No deep sleep?

My Epix Gen 2 is not recording any deep sleep. For example, last night I recorded over 8hrs of sleep, 4hr REM, 0 Deep. Since receiving the watch weeks ago, it initially recorded a couple nights of minimal (20-30 min) deep sleep, but now its mostly "0". It is recording accurate sleep/awake times. The watch has no issue recording other metrics, including Pulse Ox, HRV, etc. There are no gaps in HR recording.

I have worn Oura ring for years. The Oura is recording deep sleep every night, including 1hr 55min last night! My previous Fenix 5 watch would typically record over an hour of deep sleep.

Is this a sensor issue? Pretty disappointing to see such poor tracking considering all the sensors on board.

  • I always have deep sleep and REM sleep in my sleep results on the Epix.  I had 1 hour 11 minutes of deep sleep and 41 min of REM recorded last night and I have full results like that every night.  My fenix 6S was the same.  And my hours of sleep are always exact.  I've always been happy with the sleep feature.

  • It is very likely that your actual deep sleep is much more than 1 hour and 11 minutes. But it's at least good enough to not trigger any strange flags/calculations for the body battery etc. so that's great.

  • Well, I'm not delusional, I do understand that it is only a sport watch doing its best and that if I had my head connected to electrodes for a sleep study I'd get more accurate results.  But for what it is it seems to do a good job for me. :) 

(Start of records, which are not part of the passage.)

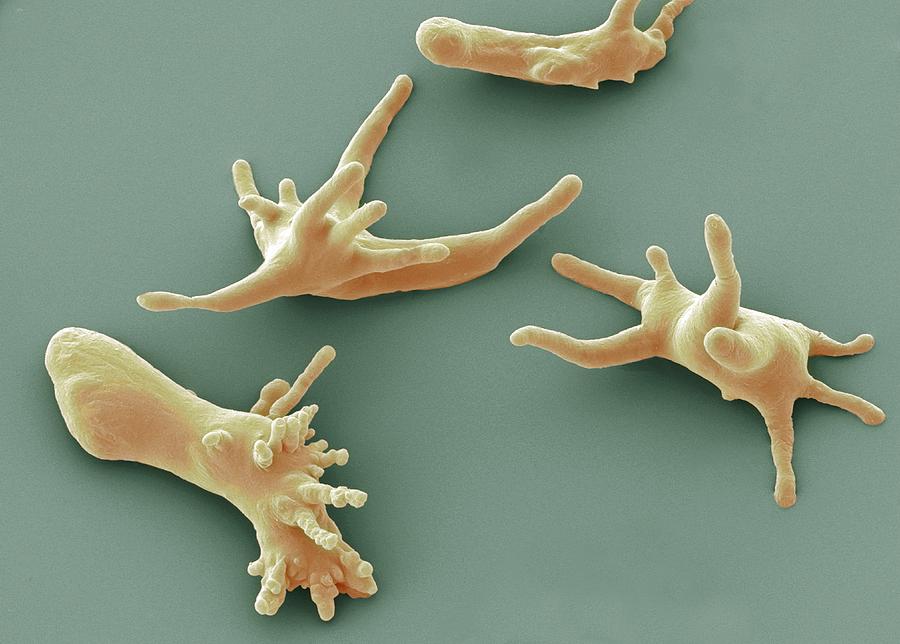 Animal Photograph - Amoeba protozoa, SEM by Science Photo Library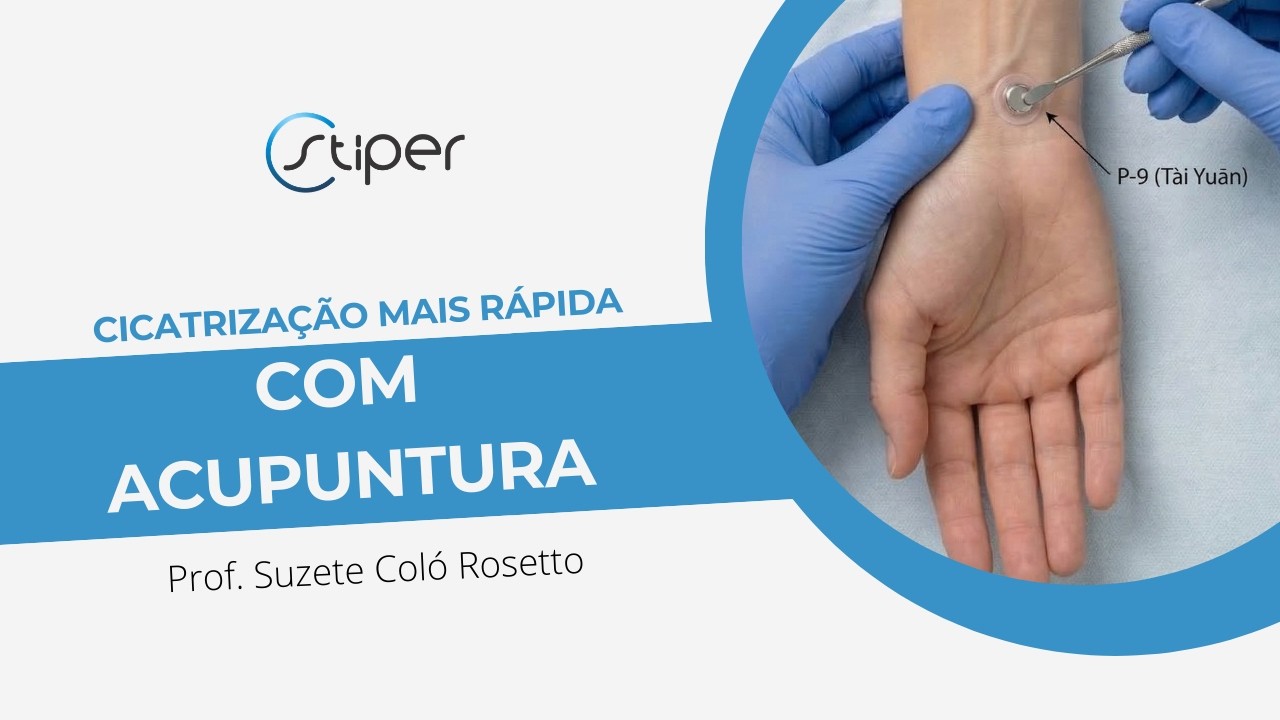 Como acelerar a cicatrização com acupuntura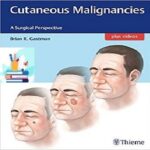 Cutaneous Malignancies A Surgical Perspective 1ed PDF+Video at 1€
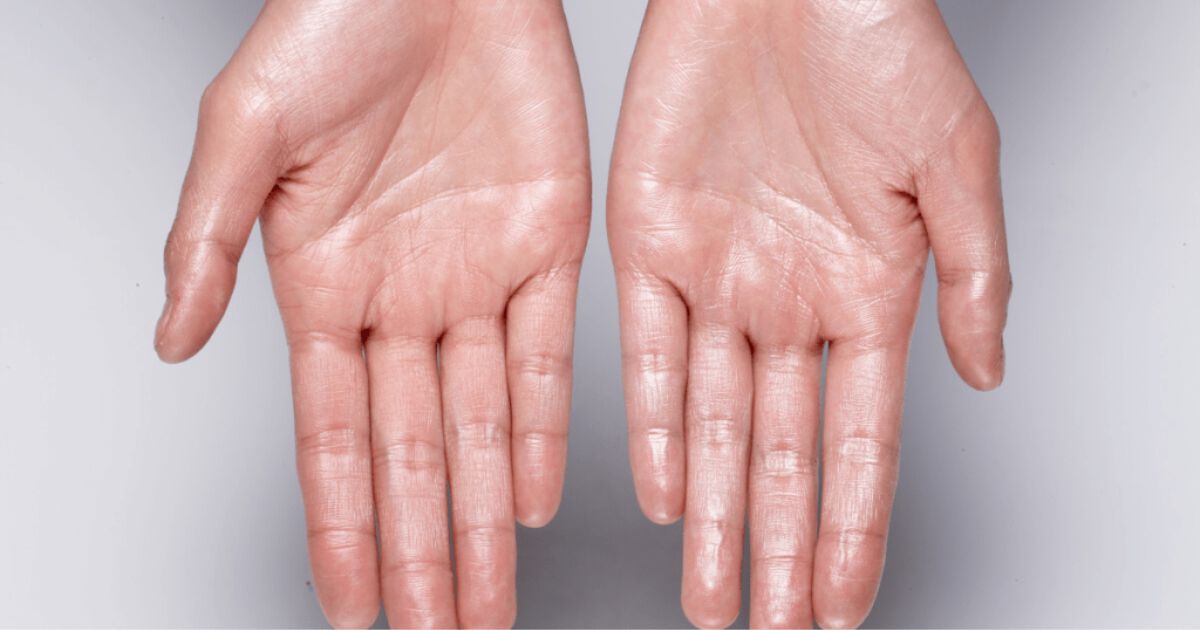 Understanding Sweaty Hands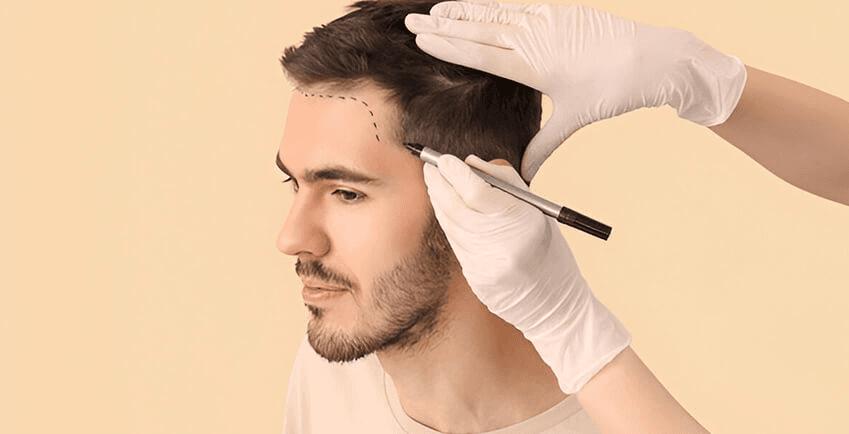 Transplant de Păr și Barbă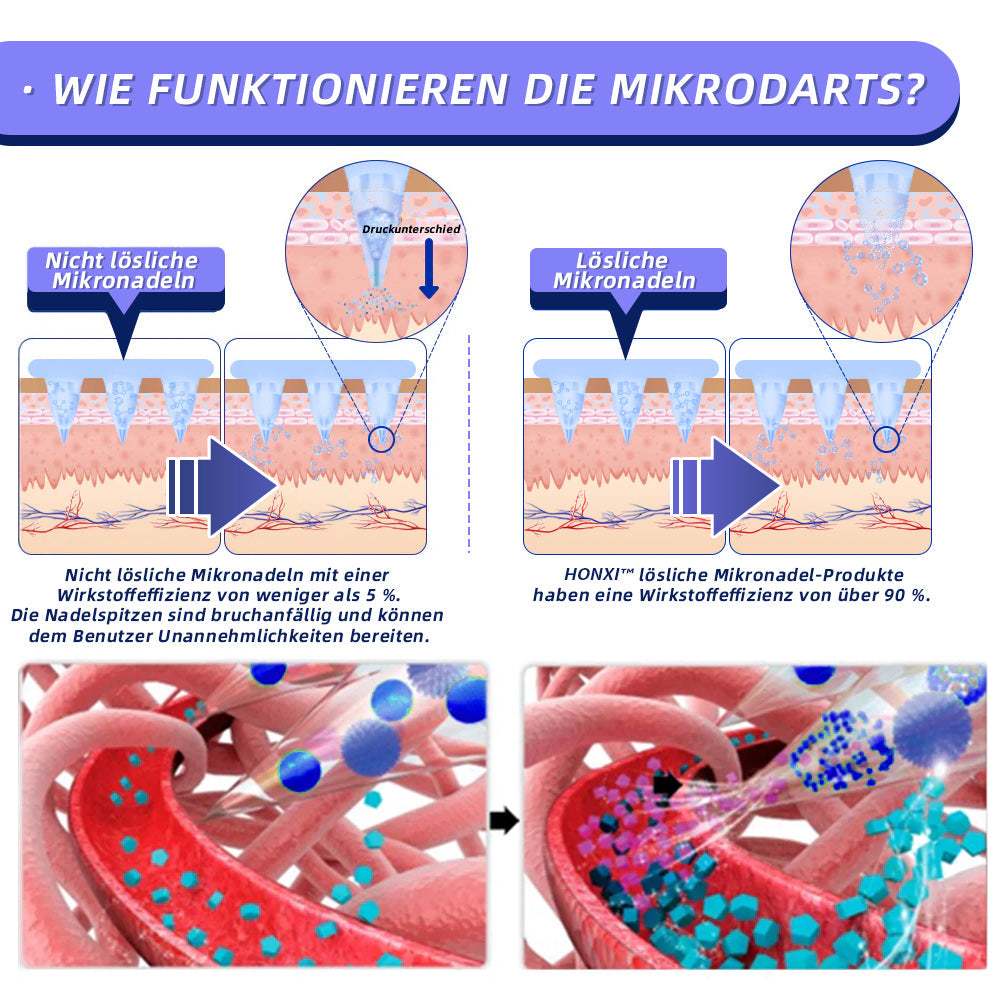 EZSLlNN® 🏆 SMG𝐓-GLP-1 Nano-Mikronadel-Pflaster 2.0 (✅Schmerzfrei, lang anhaltend, gegen Diabetes, Fettleibigkeit und Herz-Kreislauf-Erkrankungen) - 🔥7 Tage, um Ergebnisse zu sehen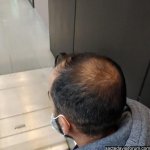 saç ekimi öncesi.jpg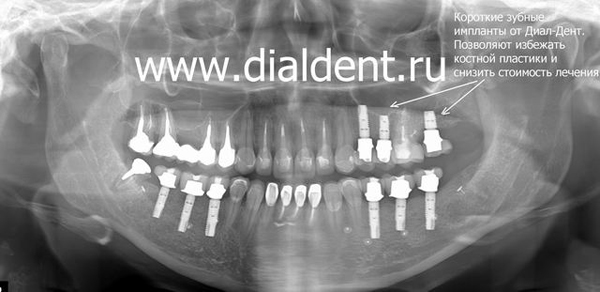 панорамный снимок зубов после лечения, имплантации и протезирования
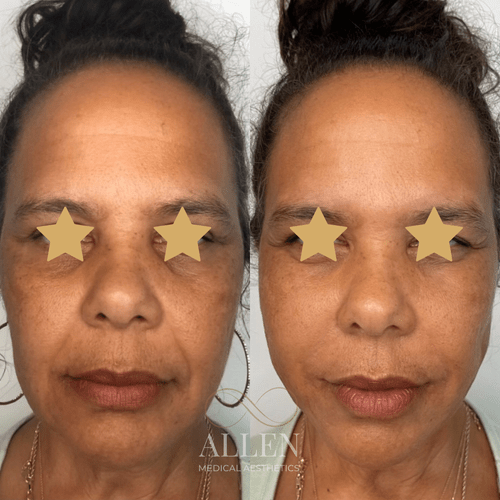 allenmedicalaesthetics_pdo-threadlifts-ab-e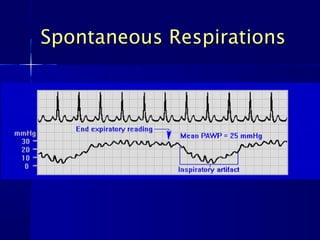 Spontaneous RespirationsSpontaneous Respirations
 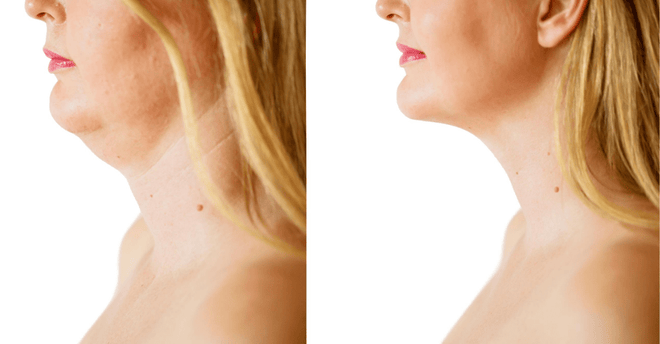 Non-Surgical Chin & Jawline Slimming for Round Faces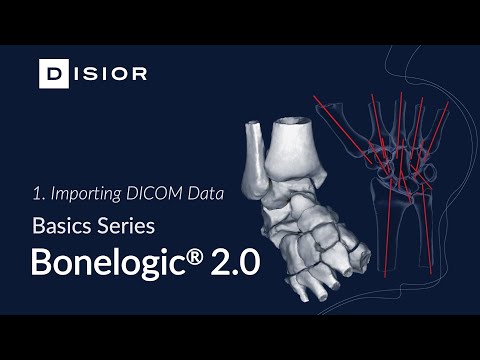 Bonelogic™ 2 Explained - 1. Importing DICOM Data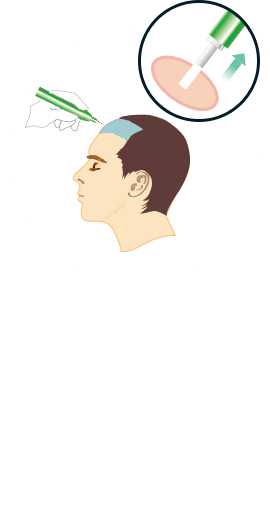 step2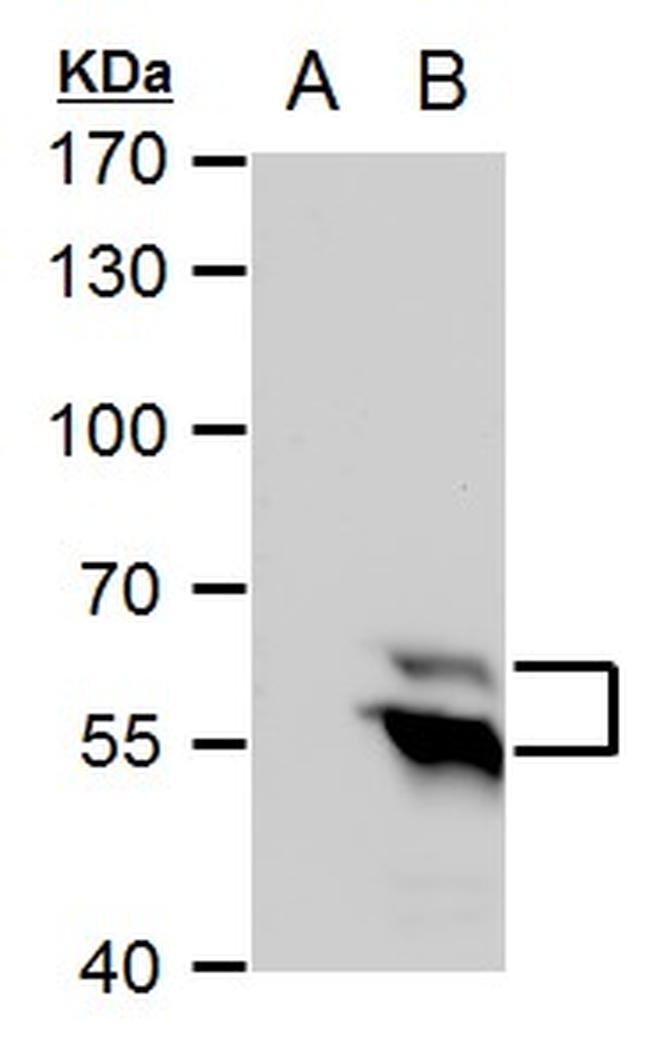 TdT Antibody in Western Blot (WB)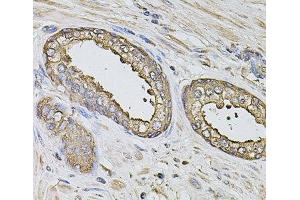 Immunohistochemistry of paraffin-embedded Human prostate using S100A12 Polyclonal Antibody at dilution of 1:100 (40x lens). (S100A12 抗体)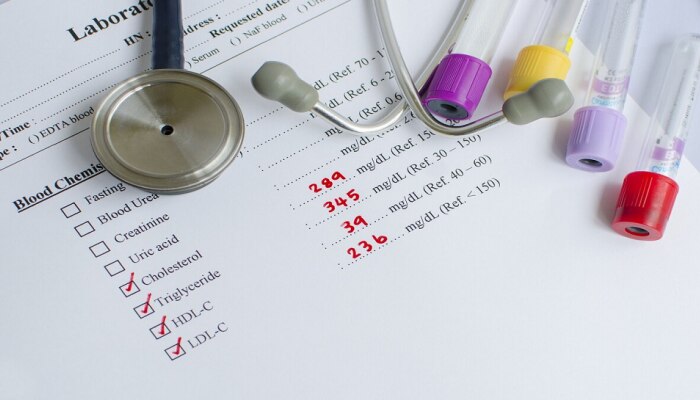 Cholesterol Test ಮಾಡಿಸಿಕೊಳ್ಳಬೇಕೆ? ಈ 5 ಅತ್ಯಾವಶ್ಯಕ ಸಂಗತಿಗಳನ್ನು ತಿಳಿದುಕೊಳ್ಳಿ! title=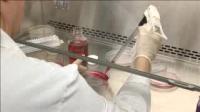 Genetic Mutation for ALS Discovered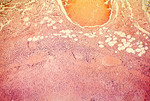 Free Picture of Necrosis Of Lymph Node Due To Anthrax
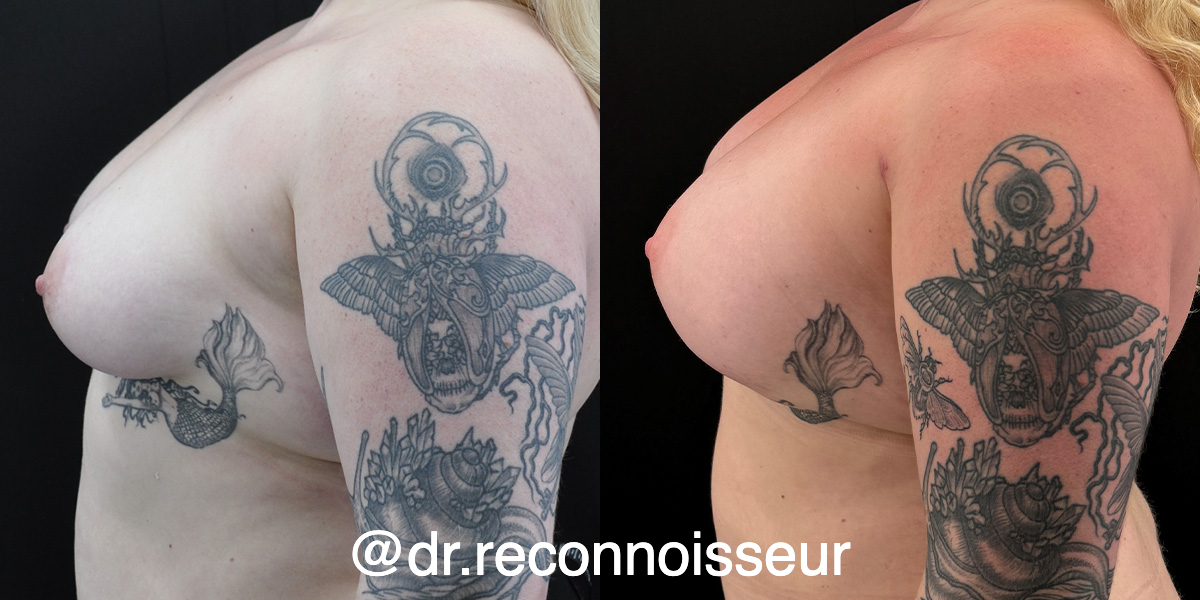 Breast Augmentation Before & After Gallery - Patient 142623 - Image 1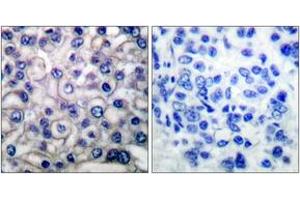 Immunohistochemistry analysis of paraffin-embedded human breast carcinoma tissue, using EGFR (Ab-693) Antibody.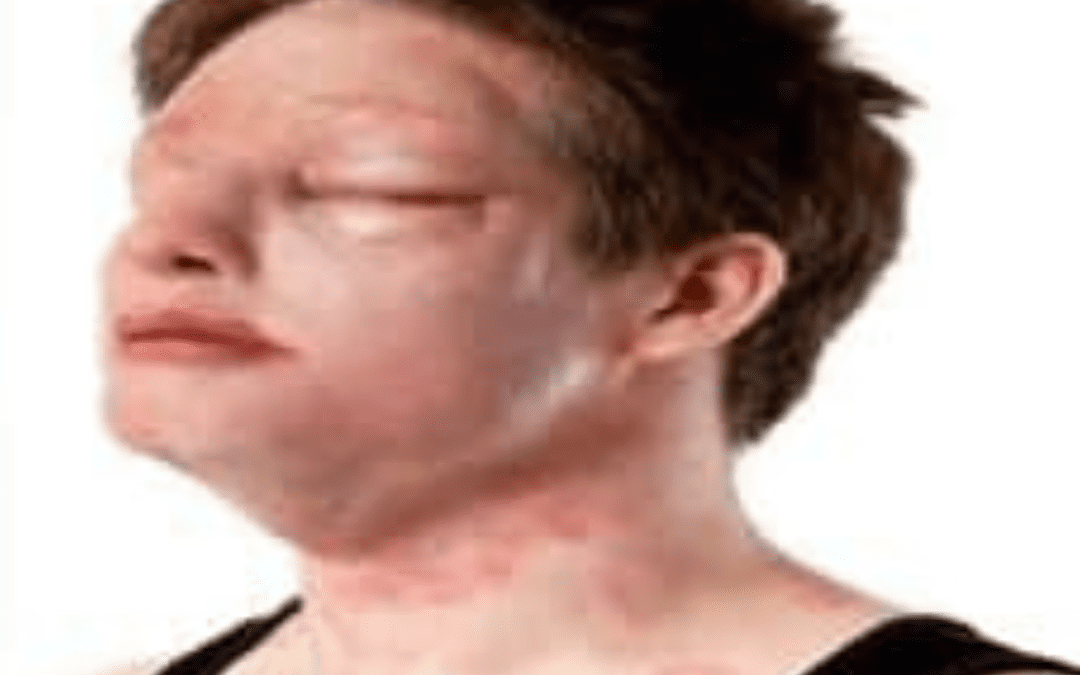 Level 2 Basic Life Support and Management of Anaphylaxsis (QCF)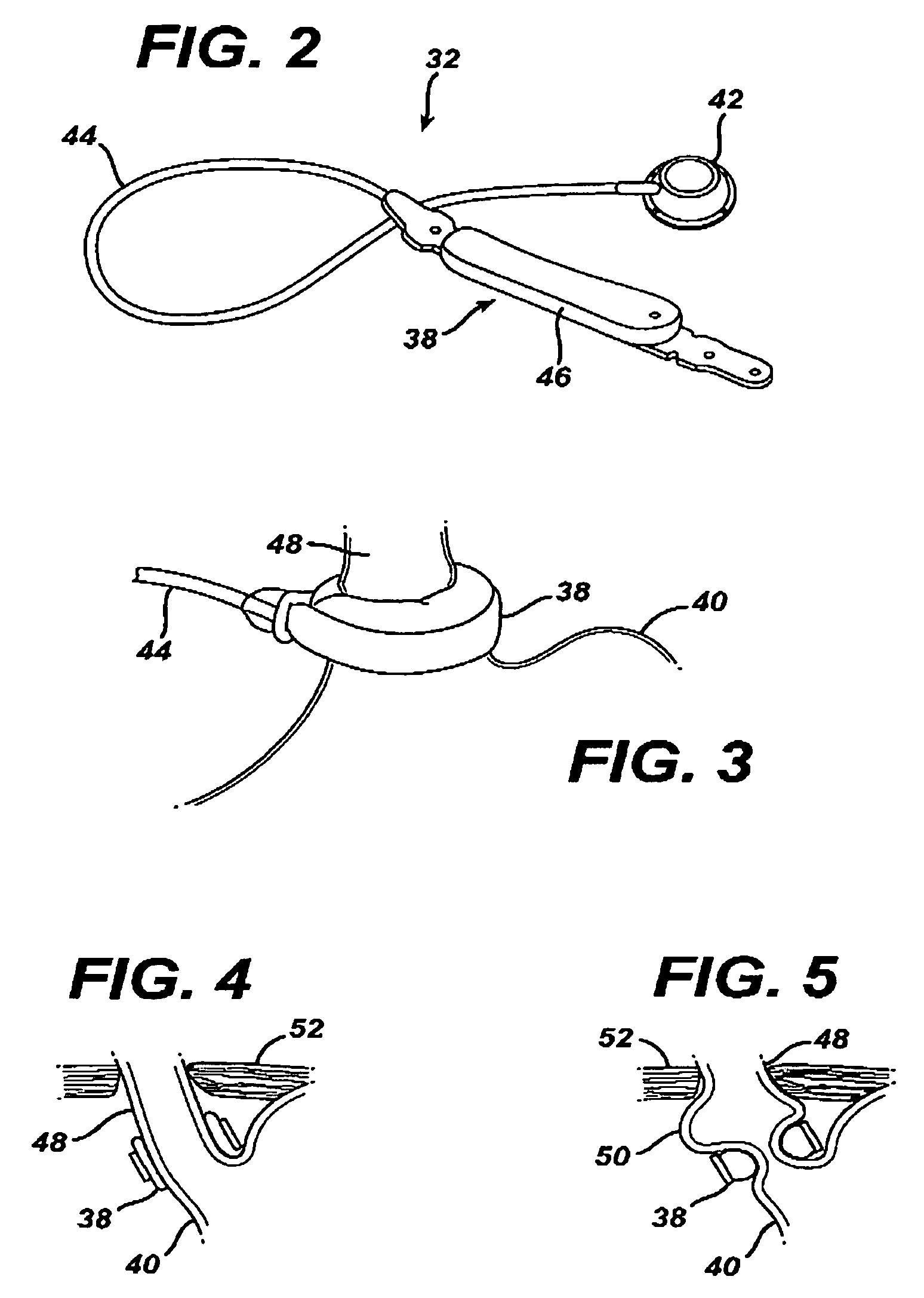 Device for non-invasive measurement of fluid pressure in an adjustable restriction device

  • There is nothing delusional about expecting a $1000 watch to somewhat accurately track your sleep cycles in 2022. Most cheap fitbits and even Garmin's own 180 USD watch, the vivomove sport, is accurately tracking sleep cycles (scientifically tested: www.youtube.com/watch). That it shows more than an hour deep sleep for you is great, but that doesn't take away the fact that for most it doesn't track it accurately. You probably have above average deep sleep and in reality have 2+ hours. For you that doesn't mean any issues. But if you have average deep sleep, you will see most of the the time that you had "light sleep" or "not enough deep sleep". Sleep stats are also used in the body battery. So it is important that Garmin steps up their game and improves this. This has nothing to do with hardware, the answer lies somewhere in their software. I don't think that the 180 USD Garmin vivomove sport has better hardware than the fenix/epix. They can fix this. It is scientifically proven that the epix/fenix 7 are underperforming in sleep tracking: https://www.youtube.com/watch?v=Ka9LXKQy-fQ while the 180 dollar Garmin vivomove sport is doing it almost as great as fitbits: www.youtube.com/watch

  • I have been suffering from poor sleep for a while now, for no apparent reason, and have been trying to identify why and what I can do to improve it. I have just got the Epix-2 and for the first week it didn't show any deep sleep at all. This week it has shown some most nights ranging from ~5mins up to about 1.5hrs.

    It would be great if I could get a consistent baseline, even if it's not super accurate. At least I could work with that.

  • I guess it's a good thing that I didn't buy it primarily for sleep tracking then.  As I said, for me, it seems to be doing a good job and my body battery seems to be mostly accurate to how well I think I slept and how I feel when I wake up.  

  • Epix 2 has been tested now by the same guy that scientifically tested the Fenix 7 - It scores even worse in terms of sleep tracking:



    In the same video you'll also see that the Garmin Vivomove sport (180 USD) scores as one of the best in terms of sleep tracking. So this is not a hardware thing. Garmin really needs to improve the algorithm on Fenix/Epix devices.

  • I don't know why garmin won't gives an answer.

  • I don't know why garmin won't gives an answer.

    Maybe because for a lot of us the sleep tracking is working very well:

    HTH

  • I want the same algorithm as the vivoactive sport, according to a review the epic and the fenix is inferior to the vivoactive.